Modules in OCaml

So far, all our declarations have been either

  • global, with let ... = ..., type ..., and exception ..., or
  • local, with let ... = ... in ... and with fun ... -> ....

The visibility of these declarations is then regulated by lexical scope.

OCaml also provides a way

  1. to group declarations together in a module and
  2. to control the visibility of these declarations outside this module by declaring a type for each module.

The type of a module is called its signature and it provides an interface between what the module is supposed to offer (from the point of view of its user) and how it is achieving this offer (from the point of view of its implementer). Modules provide language support for writing libraries as well as for implementing abstract data types.

Syntax

So far, we have been operating with the following BNF of OCaml, essentially:

       <type> ::= int
                | bool
                | ...
                | <type> -> <type>
                | <type> * <type> {* <type>}*
                | ...

<declaration> ::= let <name> {: <type>}? = <expression> {and <name> = <expression>}*
                | type <name> = ...

 <expression> ::= <literal>
                | <name>
                | if <expression> then <expression> else <expression>
                | let <name> {: <type>}? = <expression> {and <name> = <expression>}* in <expression>
                | ...

where

  • the notation {...}? means that ... may occur zero times or once.
  • the notation {...}* means that ... may occur zero times or more.

Taking modules into account, this BNF is:

  • extended with one new production for declarations (for modules),
  • extended with one new non-terminal (for structures), and
  • modified with a dot notation for names.

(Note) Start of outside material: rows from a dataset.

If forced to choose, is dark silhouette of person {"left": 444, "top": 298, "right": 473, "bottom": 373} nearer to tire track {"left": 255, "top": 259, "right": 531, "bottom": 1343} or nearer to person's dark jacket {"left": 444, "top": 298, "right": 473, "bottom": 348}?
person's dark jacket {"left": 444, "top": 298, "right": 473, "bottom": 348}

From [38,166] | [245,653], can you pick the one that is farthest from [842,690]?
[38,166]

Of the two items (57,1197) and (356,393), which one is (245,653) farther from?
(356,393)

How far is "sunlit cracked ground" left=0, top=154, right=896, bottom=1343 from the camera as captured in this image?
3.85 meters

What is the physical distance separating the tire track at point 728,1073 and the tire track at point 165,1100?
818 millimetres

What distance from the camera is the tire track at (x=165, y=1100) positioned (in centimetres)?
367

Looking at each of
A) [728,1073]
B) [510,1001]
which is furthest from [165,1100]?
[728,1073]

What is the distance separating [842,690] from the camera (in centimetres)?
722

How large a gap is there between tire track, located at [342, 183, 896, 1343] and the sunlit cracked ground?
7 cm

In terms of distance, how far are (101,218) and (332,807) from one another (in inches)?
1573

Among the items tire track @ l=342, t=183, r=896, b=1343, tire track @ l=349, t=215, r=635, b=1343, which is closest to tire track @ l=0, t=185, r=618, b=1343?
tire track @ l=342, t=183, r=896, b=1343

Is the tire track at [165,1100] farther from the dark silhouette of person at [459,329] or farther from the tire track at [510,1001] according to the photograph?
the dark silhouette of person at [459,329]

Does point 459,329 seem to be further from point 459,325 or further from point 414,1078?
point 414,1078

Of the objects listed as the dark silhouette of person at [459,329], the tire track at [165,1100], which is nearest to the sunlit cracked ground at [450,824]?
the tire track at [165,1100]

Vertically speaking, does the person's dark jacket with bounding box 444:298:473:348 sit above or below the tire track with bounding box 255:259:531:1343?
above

The extension and modification of this BNF reads:

       <type> ::= ...

<declaration> ::= ...
                | module <name> = <structure>

  <structure> ::= struct {<declaration>}* end

 <expression> ::= ...
                | <name>{.<name>}*
                | ...

Analysis:

  • a structure is garnished with declarations placed between the keywords struct and end;
  • a module is declared with the keyword module and given a name that denotes a structure; and
  • a variable declared in a module is accessed by writing the name of the module, then a dot, and then the name of the variable. So for example, if the variable is named x and the module is named M, then the variable is accessed outside the module by writing M.x.

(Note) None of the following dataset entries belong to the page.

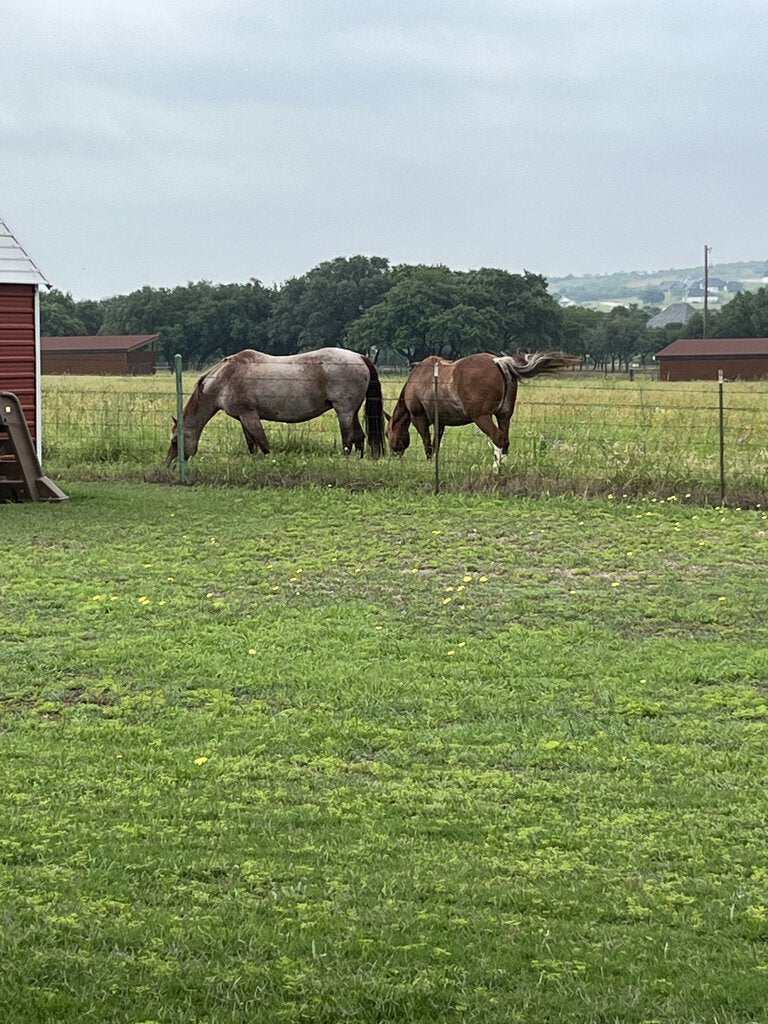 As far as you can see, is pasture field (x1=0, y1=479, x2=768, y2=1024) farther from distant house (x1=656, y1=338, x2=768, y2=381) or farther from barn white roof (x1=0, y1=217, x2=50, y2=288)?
distant house (x1=656, y1=338, x2=768, y2=381)

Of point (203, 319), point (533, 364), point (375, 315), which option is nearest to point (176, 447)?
point (533, 364)

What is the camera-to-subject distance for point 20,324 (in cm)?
1642

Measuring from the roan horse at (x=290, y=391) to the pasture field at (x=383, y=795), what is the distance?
8.79 meters

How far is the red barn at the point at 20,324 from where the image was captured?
53.2 feet

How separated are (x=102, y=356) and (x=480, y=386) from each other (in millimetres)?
59938

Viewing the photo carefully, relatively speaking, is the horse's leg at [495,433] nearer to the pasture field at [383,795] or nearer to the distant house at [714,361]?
the pasture field at [383,795]

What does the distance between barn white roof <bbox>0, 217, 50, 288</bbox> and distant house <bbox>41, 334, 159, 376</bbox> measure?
184 feet

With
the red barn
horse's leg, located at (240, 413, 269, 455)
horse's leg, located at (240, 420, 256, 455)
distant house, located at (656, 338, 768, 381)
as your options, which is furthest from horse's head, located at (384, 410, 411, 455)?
distant house, located at (656, 338, 768, 381)

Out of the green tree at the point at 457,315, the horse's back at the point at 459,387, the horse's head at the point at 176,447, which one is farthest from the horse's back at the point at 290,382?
the green tree at the point at 457,315

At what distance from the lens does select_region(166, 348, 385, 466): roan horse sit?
1892cm

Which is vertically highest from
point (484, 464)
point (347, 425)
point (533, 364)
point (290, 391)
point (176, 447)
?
point (533, 364)

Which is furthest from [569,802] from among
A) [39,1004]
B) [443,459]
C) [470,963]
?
[443,459]

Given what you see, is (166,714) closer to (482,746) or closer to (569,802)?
(482,746)

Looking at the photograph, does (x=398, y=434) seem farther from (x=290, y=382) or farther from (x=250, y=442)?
(x=250, y=442) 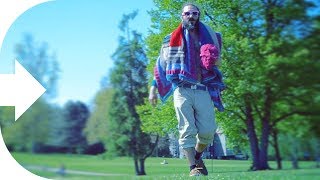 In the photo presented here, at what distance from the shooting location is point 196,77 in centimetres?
416

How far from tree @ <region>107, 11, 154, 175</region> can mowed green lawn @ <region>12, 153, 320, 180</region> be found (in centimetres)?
11

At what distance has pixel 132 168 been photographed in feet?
15.4

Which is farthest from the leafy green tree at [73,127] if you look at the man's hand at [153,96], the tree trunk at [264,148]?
the tree trunk at [264,148]

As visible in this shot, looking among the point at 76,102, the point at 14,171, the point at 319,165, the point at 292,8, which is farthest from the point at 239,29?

To summarize, modules are named structures that group declarations.

Interlude

Harald: We have already encountered this dot notation, haven’t we?

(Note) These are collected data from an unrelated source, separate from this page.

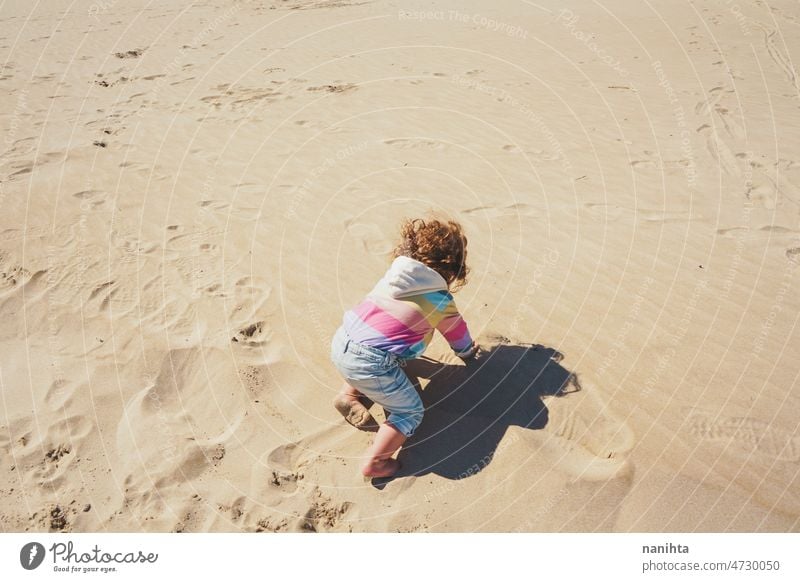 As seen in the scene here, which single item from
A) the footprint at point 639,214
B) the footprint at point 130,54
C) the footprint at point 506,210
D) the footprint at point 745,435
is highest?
the footprint at point 639,214

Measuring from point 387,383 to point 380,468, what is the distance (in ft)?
1.51

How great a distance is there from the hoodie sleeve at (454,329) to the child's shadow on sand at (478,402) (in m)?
0.19

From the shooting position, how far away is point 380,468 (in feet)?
10.6

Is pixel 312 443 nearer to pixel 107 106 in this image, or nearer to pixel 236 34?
Result: pixel 107 106

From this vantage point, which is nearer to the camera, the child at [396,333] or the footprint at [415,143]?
the child at [396,333]

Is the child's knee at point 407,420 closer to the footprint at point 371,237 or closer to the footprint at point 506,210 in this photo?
the footprint at point 371,237

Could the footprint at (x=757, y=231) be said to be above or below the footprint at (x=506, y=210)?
above

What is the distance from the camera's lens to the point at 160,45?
1206 centimetres

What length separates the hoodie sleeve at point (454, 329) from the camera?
11.6 ft

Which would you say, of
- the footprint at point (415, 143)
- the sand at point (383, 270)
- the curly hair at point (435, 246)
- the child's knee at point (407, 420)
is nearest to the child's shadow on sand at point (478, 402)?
the sand at point (383, 270)

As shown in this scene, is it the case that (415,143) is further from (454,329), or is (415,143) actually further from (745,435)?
(745,435)

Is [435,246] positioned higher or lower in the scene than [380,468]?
higher

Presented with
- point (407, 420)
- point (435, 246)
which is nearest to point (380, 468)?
point (407, 420) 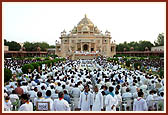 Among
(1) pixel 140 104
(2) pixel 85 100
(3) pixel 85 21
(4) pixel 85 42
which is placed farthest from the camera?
(3) pixel 85 21

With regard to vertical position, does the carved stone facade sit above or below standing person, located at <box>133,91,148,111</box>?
above

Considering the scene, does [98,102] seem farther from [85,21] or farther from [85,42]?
[85,21]

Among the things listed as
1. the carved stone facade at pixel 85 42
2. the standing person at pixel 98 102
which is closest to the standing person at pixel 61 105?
the standing person at pixel 98 102

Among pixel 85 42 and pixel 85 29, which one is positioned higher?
pixel 85 29

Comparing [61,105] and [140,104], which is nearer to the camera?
[61,105]

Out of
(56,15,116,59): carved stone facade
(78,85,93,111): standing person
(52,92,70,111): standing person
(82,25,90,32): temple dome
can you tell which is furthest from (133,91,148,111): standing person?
(82,25,90,32): temple dome

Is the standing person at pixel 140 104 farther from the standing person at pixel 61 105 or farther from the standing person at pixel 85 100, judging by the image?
the standing person at pixel 61 105

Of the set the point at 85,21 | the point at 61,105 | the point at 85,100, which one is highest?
the point at 85,21

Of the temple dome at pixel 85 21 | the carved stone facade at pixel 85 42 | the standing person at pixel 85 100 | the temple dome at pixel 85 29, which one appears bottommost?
the standing person at pixel 85 100

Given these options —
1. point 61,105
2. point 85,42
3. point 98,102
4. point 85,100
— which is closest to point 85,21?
point 85,42

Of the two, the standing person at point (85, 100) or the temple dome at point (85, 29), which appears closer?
the standing person at point (85, 100)

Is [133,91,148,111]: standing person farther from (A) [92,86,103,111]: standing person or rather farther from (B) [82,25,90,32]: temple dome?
(B) [82,25,90,32]: temple dome

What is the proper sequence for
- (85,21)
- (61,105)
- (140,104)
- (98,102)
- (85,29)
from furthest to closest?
(85,21) → (85,29) → (98,102) → (140,104) → (61,105)

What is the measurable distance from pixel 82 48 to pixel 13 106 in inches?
2292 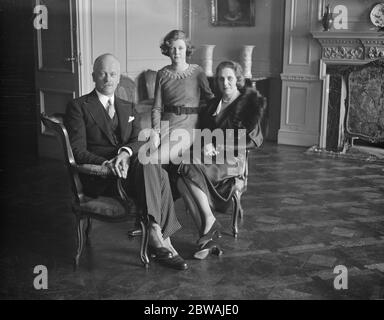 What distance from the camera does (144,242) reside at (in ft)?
10.7

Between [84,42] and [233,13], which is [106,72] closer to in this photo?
[84,42]

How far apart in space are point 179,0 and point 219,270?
5470 mm

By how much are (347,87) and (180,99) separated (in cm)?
361

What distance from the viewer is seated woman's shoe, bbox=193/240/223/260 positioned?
3435 mm

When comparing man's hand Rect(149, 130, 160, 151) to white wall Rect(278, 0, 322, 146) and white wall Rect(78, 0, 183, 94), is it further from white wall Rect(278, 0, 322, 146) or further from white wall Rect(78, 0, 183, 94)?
white wall Rect(278, 0, 322, 146)

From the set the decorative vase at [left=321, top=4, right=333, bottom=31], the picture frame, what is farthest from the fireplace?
the picture frame

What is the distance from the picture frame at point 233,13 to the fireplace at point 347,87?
1166mm

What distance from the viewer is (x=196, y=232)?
3969 mm

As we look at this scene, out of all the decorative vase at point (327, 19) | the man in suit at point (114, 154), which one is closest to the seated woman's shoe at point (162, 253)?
the man in suit at point (114, 154)

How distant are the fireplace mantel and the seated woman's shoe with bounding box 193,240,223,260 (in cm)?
408

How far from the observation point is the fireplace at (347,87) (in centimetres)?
654

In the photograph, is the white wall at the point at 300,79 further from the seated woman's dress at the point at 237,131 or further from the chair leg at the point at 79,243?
the chair leg at the point at 79,243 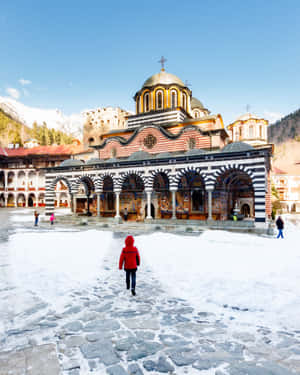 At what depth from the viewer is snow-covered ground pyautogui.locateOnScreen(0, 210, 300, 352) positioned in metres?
5.13

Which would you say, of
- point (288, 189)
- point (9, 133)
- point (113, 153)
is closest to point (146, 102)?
point (113, 153)

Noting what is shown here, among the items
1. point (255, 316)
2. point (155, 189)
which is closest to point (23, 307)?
point (255, 316)

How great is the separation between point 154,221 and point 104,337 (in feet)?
46.7

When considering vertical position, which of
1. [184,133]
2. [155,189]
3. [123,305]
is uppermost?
[184,133]

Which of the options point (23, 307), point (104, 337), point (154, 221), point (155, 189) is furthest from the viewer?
point (155, 189)

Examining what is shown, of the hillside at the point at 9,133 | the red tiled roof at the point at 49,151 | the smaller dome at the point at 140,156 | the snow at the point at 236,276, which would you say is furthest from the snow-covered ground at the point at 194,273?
the hillside at the point at 9,133

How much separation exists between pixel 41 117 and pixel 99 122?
79749 mm

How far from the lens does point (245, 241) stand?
497 inches

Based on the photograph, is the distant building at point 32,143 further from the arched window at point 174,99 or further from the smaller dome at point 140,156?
the smaller dome at point 140,156

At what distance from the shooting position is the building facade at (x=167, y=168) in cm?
1797

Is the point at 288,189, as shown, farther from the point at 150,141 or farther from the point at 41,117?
the point at 41,117

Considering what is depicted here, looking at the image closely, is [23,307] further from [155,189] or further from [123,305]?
[155,189]

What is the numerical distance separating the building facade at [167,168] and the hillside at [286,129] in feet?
389

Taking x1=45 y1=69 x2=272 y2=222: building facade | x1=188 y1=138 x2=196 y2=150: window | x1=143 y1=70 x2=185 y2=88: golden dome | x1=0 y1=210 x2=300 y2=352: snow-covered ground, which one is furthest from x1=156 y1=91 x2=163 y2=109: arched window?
x1=0 y1=210 x2=300 y2=352: snow-covered ground
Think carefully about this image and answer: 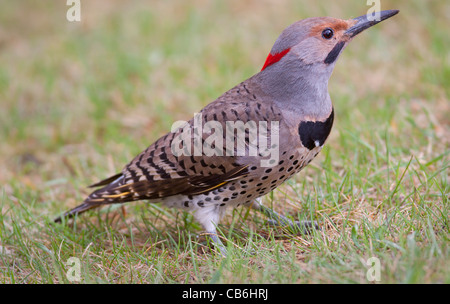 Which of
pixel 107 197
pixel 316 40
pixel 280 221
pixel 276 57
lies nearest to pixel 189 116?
pixel 107 197

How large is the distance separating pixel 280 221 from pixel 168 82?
3653mm

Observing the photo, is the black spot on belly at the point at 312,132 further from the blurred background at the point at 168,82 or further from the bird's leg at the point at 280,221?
the blurred background at the point at 168,82

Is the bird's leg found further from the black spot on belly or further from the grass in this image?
the black spot on belly

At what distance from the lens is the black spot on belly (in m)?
3.78

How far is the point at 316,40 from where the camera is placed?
388 cm

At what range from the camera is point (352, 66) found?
6.85m

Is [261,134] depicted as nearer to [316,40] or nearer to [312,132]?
[312,132]

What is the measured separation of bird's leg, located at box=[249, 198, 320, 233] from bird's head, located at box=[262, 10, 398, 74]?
111 centimetres

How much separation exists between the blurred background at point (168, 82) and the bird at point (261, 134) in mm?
1180

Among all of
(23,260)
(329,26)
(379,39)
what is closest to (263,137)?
(329,26)

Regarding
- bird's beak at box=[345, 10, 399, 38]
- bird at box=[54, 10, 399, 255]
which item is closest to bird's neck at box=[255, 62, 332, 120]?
bird at box=[54, 10, 399, 255]

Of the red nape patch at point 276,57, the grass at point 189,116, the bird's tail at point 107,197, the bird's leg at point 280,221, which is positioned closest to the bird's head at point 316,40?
the red nape patch at point 276,57

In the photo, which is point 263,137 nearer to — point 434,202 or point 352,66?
point 434,202

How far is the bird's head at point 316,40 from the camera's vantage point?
152 inches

Alfrothul: Yes we have. Take the list accessors List.hd and List.tl, for example.

Vigfus: And List.rev too.

Mimer: That is because OCaml is implemented in OCaml and lists are implemented in a module named List. Each of the functions hd, tl, and rev are declared in that module.

Alfrothul: And the capitalization in the name “List”?

Mimer: OCaml expects the name of modules to start with a capital letter.

Harald: Just like the name of data-type constructors?

Mimer: Just like the name of data-type constructors.

A first module

Our first module is named First_v0, and it consists of a structure that groups the declaration of two variables, b, and n:

module First_v0 =
  struct
    let b = true
    let n = 33
  end;;

Outside this module, we can refer to, e.g., n by writing First_v0.n. For example, the expression First_v0.n + 11 evaluates to 44.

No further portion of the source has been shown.